According to this article and others, the BBC will launch the service to allow subscribers to download current audio and video broadcasts to their computers, PDAs, PMPs and mobile phones. Presumably this will be a free service (at least for UK residents). There is evidence to show that there is a significant amount of demand that the BBC website has experienced with regard to downloading media. There was their experiment with offering 9 of Beethoven's symphonies for a period of a week. During that time there were 1.4 million downloads. Similarly, following the London bombings, there were a whopping 60 million requests for their archived video footage.

This is an organisation that really understands how to meld together old and new media. They were among the first to offer RSS feeds of their news articles, among the first mainstream media to offer podcasts of selected programming. As a highly respected news outlet, they will be ideally placed to satisfy the great demand for fresh programming, news or otherwise, with their renowned selection of news programmes, documentaries, sitcoms and comedies.

It's not hard to envision a point a few months from now, when you can wake up in the morning, sync your video iPod (coming soon!) or your Zen Vision with all the audio and video feeds that your PC has been collecting overnight, run for your train and watch the hour old news on your handheld. Or catch the latest episode of 'Doctor Who' or 'Titty Bang Bang' (ahem!).

What's more interesting is that they also plan to start offering paid downloads of popular music via the BBC site, a la Yahoo! Music and iTMS. UK media companies have cried foul over this aspect of the strategy, claiming that the BBC with its immense 3 billion pound public funding and reach will unfairly encroach on the private sector. This is certainly a fair point. But it may only be valid until 2012.

The BBC's loss of market share to multi-channel television and new digital radio stations has provided fuel to those who want its public funding to be cut or shared with other broadcasters. It has to cope with the real possibility that its public funding (from "TV Licenses") will be trimmed or removed entirely following a review in 2012, and that it will have to rely on money from (horrors!) commercial advertising and other sources.

It's against this backdrop that this move from the Beeb makes sense.
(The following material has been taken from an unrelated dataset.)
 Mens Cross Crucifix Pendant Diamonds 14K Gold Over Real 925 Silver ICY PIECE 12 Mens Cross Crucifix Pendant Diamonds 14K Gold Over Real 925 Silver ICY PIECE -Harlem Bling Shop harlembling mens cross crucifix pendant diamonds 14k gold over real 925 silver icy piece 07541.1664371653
Paid downloads of content licensed from other providers as well as a combination of free and paid downloads of its own content will represent a new source of revenue that it can use to offset any loss in income from licensing, thus transforming it to a rather strange creature, answering both to its political masters and the paying public. It could also silence the segments of the British public that resent subsidising the cost of providing news to the rest of the world.
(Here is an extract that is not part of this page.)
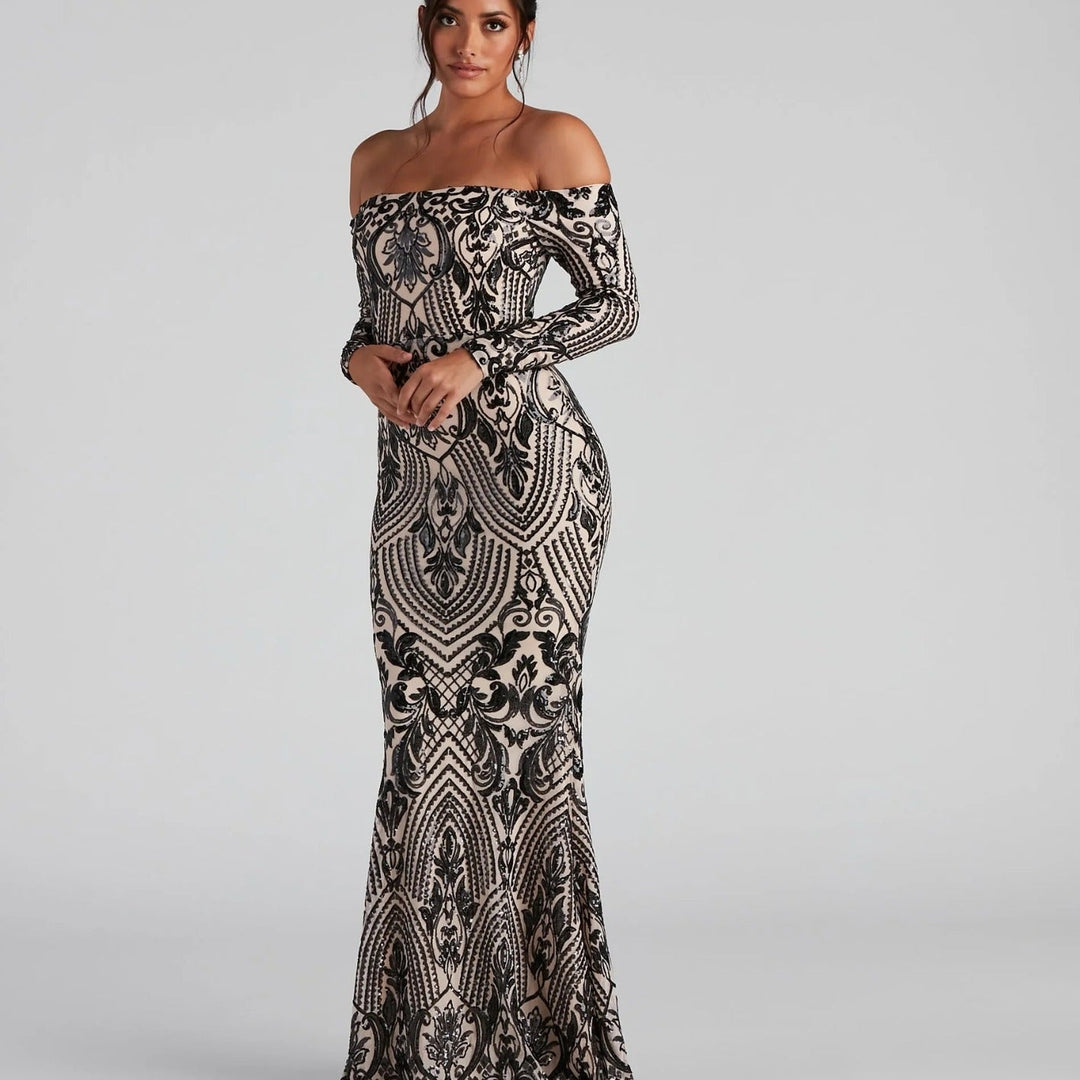 Women Elegant Sequ Sexy off Neck Dress Cocktail Evening Maxi Dress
It can be argued that the BBC may eventually restrict its content from those outside the UK by a payment model, a move that will undeniably upset many and eventually diminish the international reach of the respected broadcaster. The effect on the quality and political tilt of its programming, given its changed priorities, will be tougher to predict.

But for heaven's sake, "myBBCplayer"? Couldn't they have picked a better name? The "my" prefix is so 1999...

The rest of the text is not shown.